WORK REQUEST
The lines below, from the one holding "Large game room" through the one holding "living room featuring", are to be restated word for word, with all images left out.

EXERCISE DATA
========================================================================

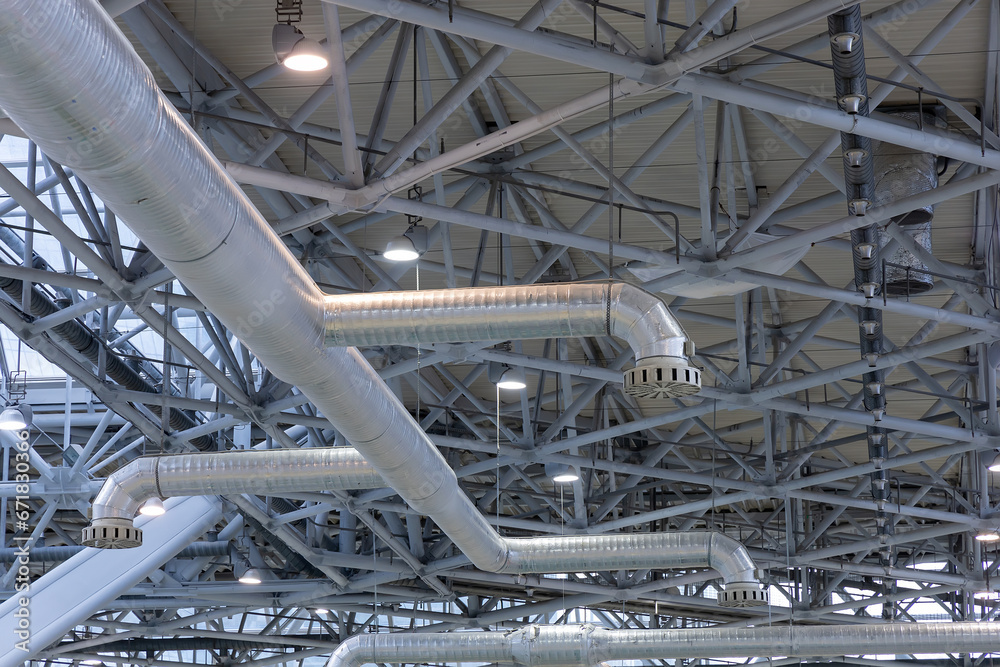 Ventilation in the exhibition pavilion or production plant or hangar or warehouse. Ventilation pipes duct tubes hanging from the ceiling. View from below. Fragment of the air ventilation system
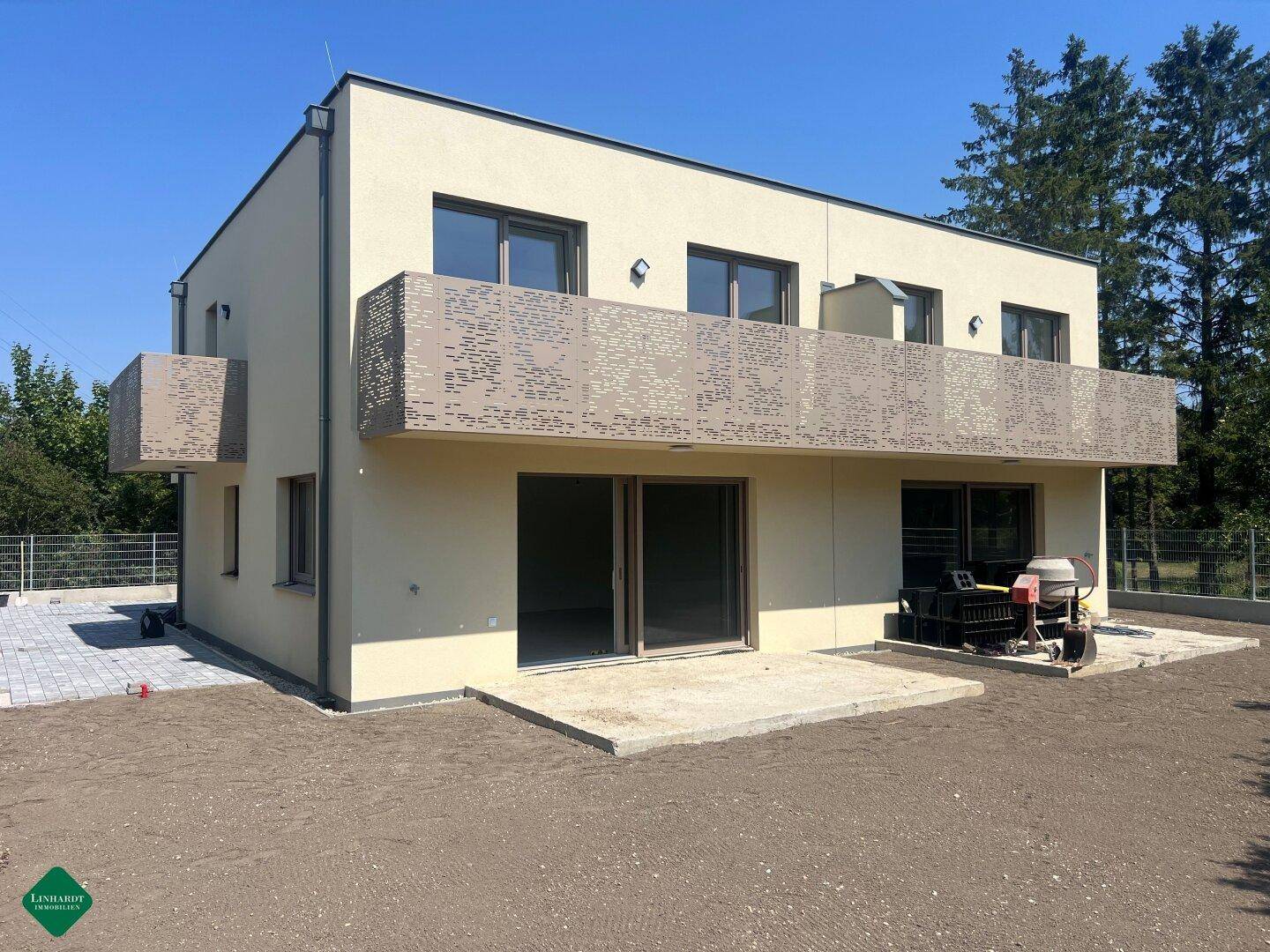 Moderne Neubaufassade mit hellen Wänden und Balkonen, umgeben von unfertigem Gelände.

========================================================================

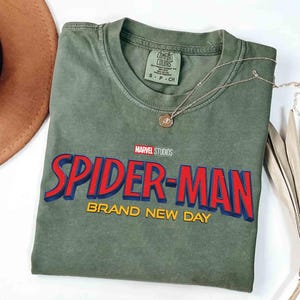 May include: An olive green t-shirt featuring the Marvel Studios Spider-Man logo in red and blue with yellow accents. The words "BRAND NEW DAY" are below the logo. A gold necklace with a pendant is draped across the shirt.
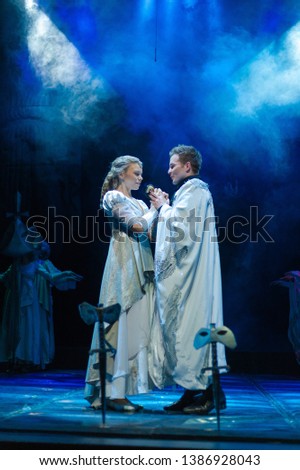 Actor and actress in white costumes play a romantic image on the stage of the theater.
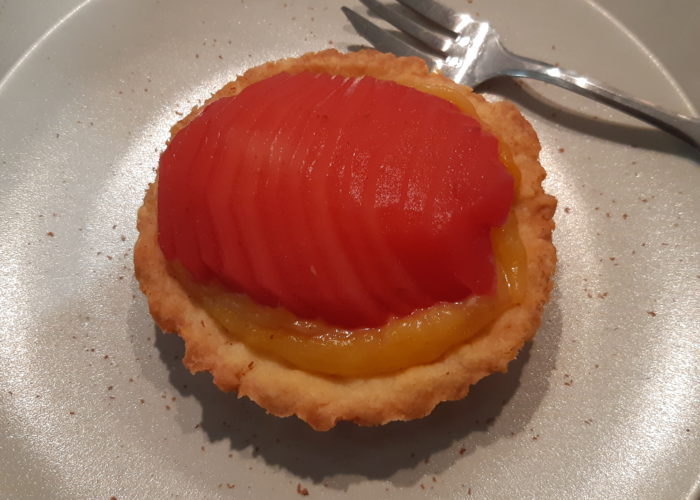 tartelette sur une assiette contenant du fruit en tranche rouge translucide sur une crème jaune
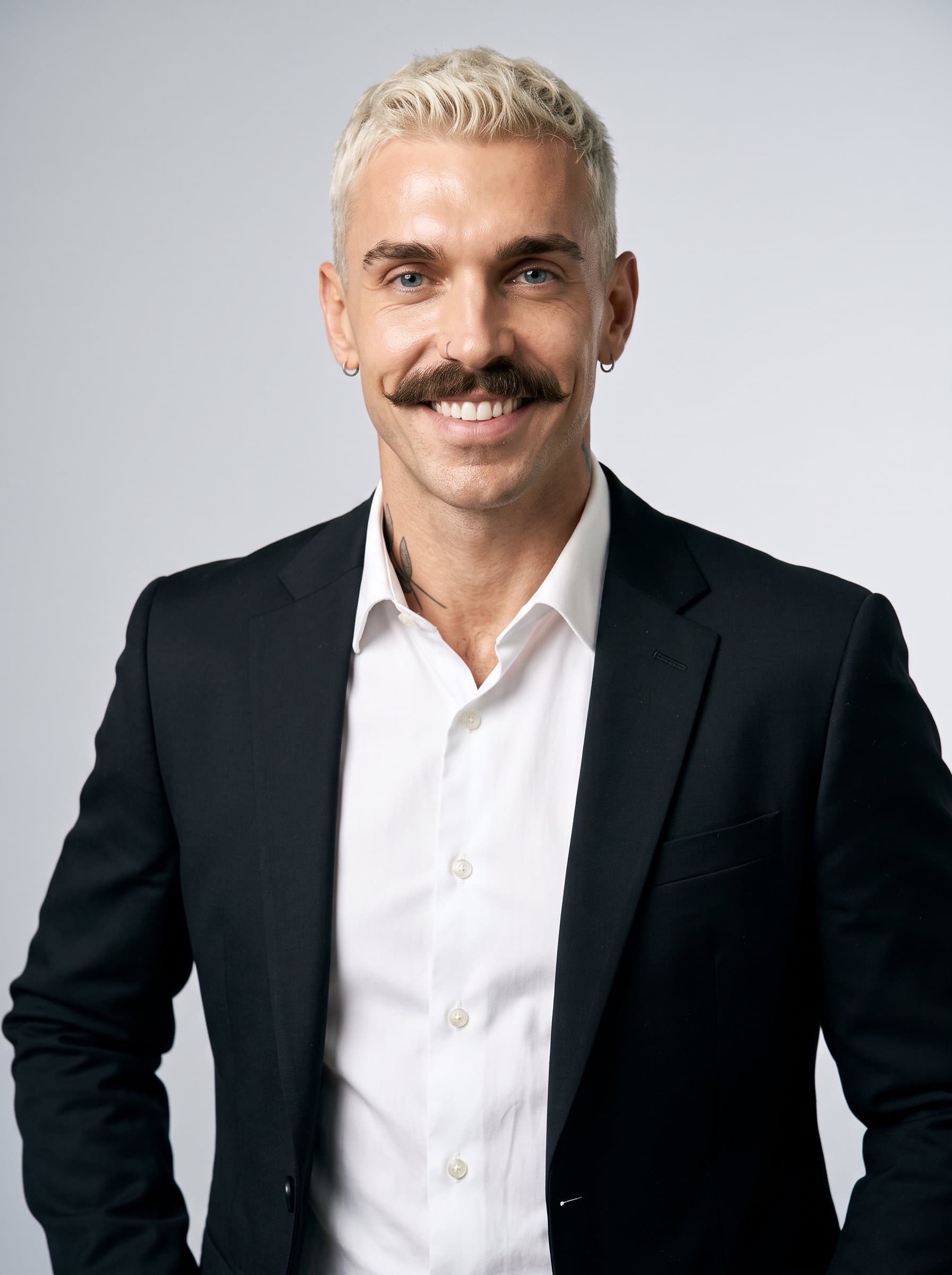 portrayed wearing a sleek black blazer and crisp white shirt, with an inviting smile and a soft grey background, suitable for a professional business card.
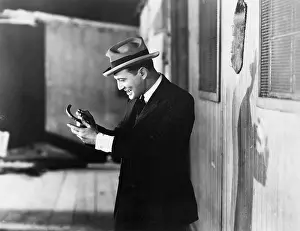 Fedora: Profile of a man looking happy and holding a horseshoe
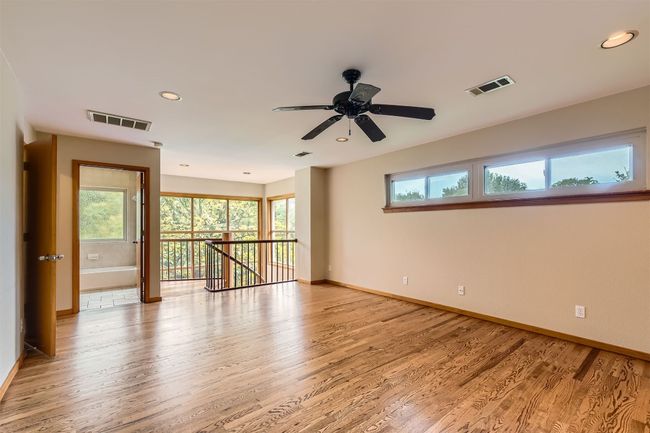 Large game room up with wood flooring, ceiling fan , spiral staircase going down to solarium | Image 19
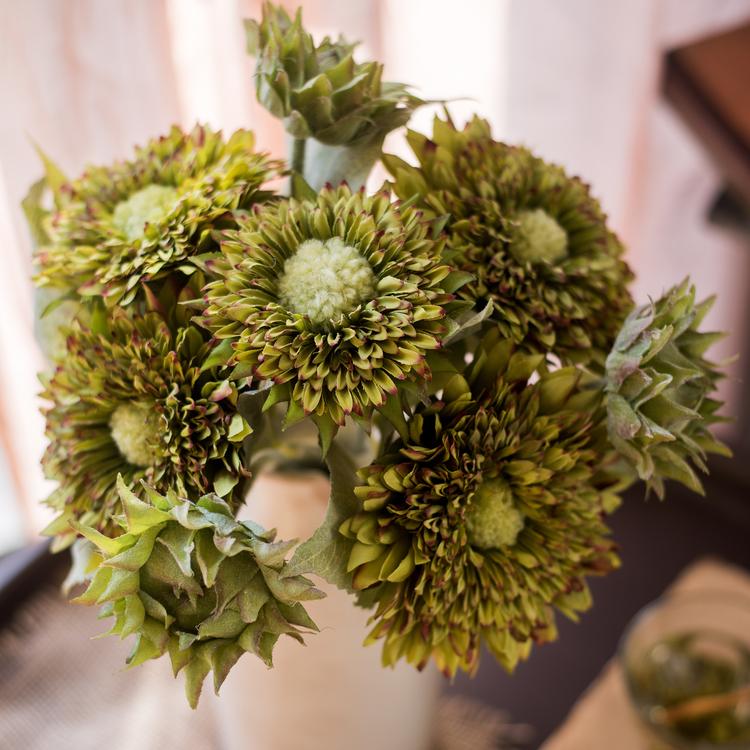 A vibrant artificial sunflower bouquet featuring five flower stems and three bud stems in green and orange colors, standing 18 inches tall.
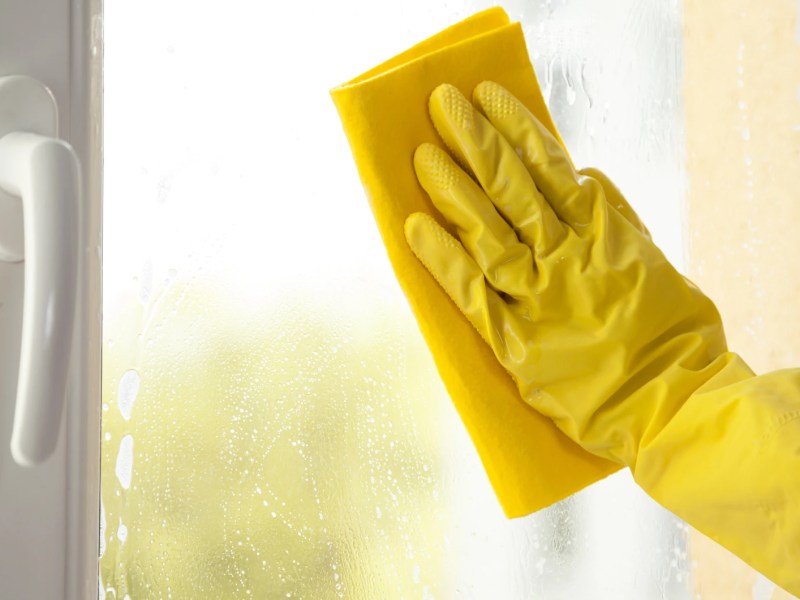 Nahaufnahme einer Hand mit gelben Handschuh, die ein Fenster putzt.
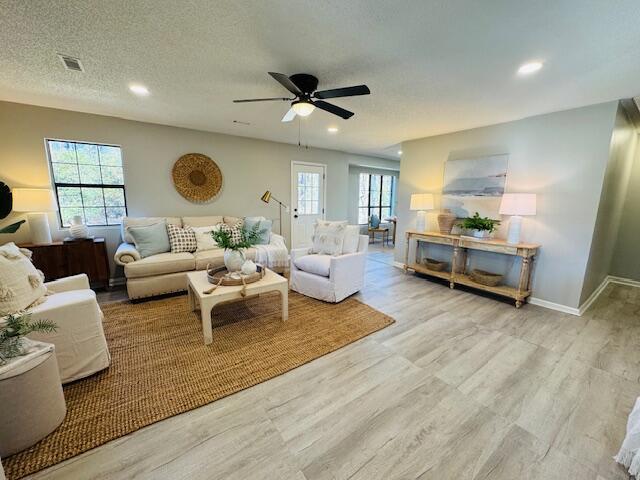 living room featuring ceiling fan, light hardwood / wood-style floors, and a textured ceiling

========================================================================

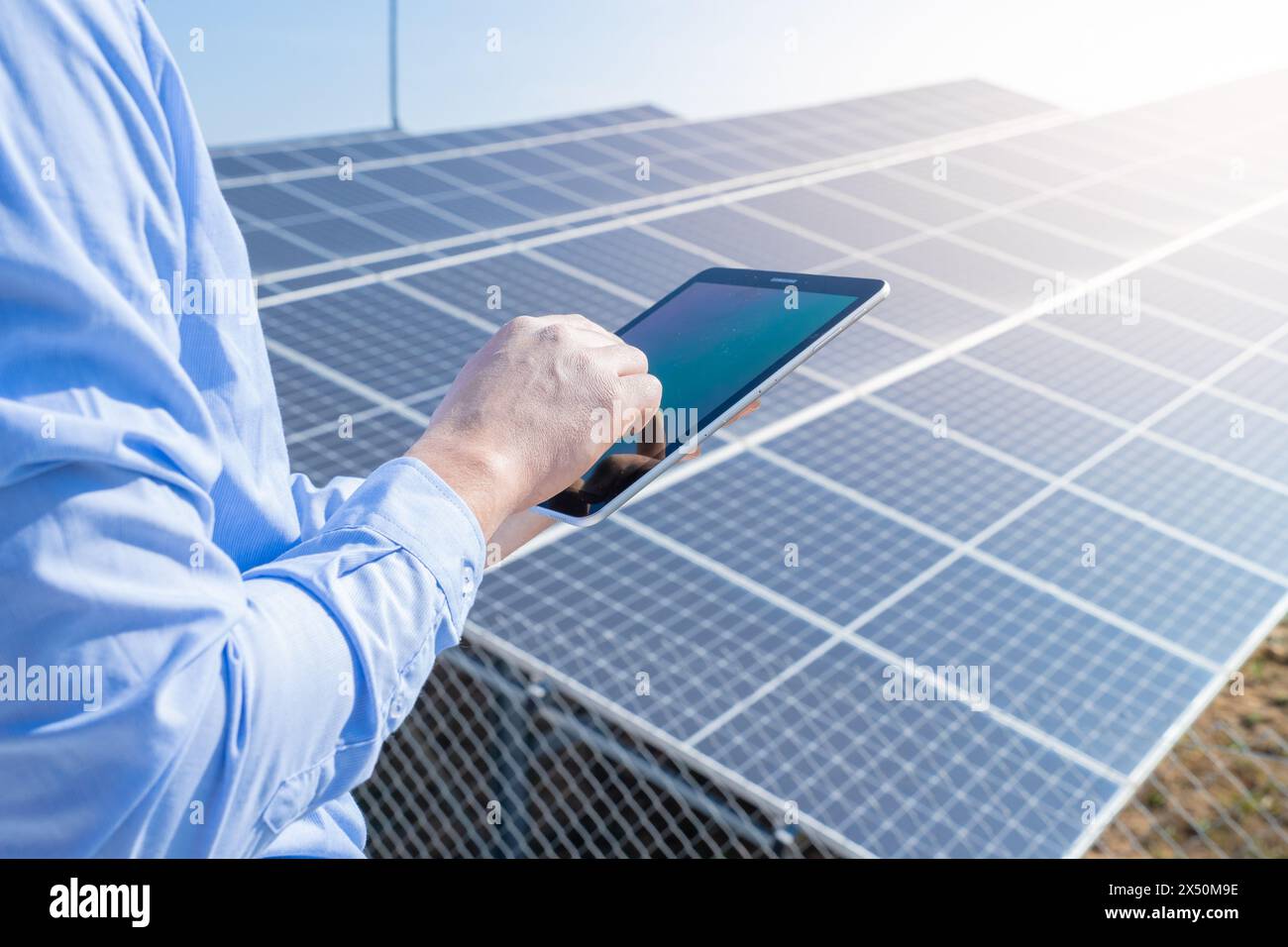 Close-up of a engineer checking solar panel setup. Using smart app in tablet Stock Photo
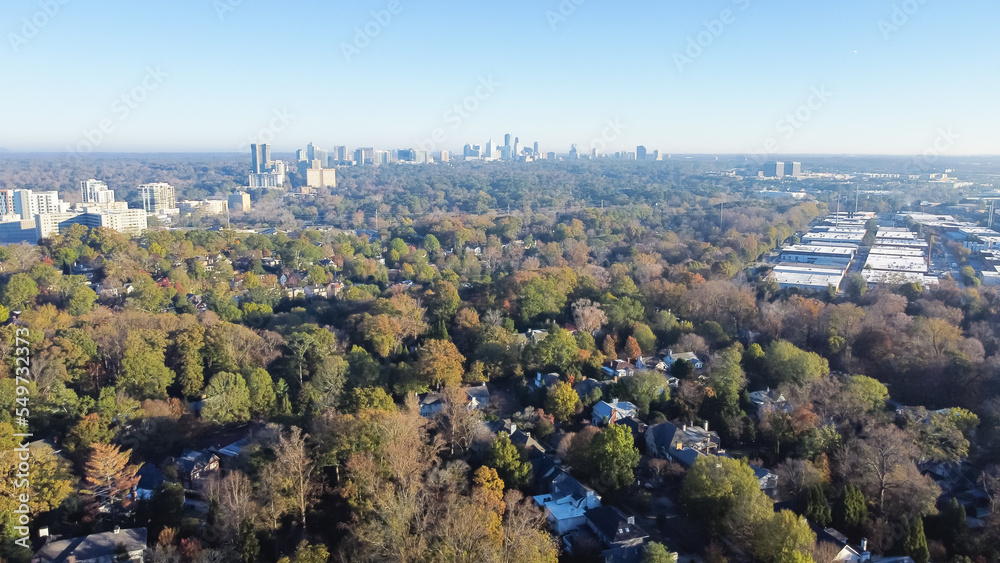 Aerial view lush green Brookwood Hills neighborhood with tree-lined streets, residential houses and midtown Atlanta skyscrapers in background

========================================================================

OUTPUT BELOW
 Large game room up with wood flooring, ceiling fan , spiral staircase going down to solarium | Image 19
 A vibrant artificial sunflower bouquet featuring five flower stems and three bud stems in green and orange colors, standing 18 inches tall.
 Nahaufnahme einer Hand mit gelben Handschuh, die ein Fenster putzt.
 living room featuring ceiling fan, light hardwood / wood-style floors, and a textured ceiling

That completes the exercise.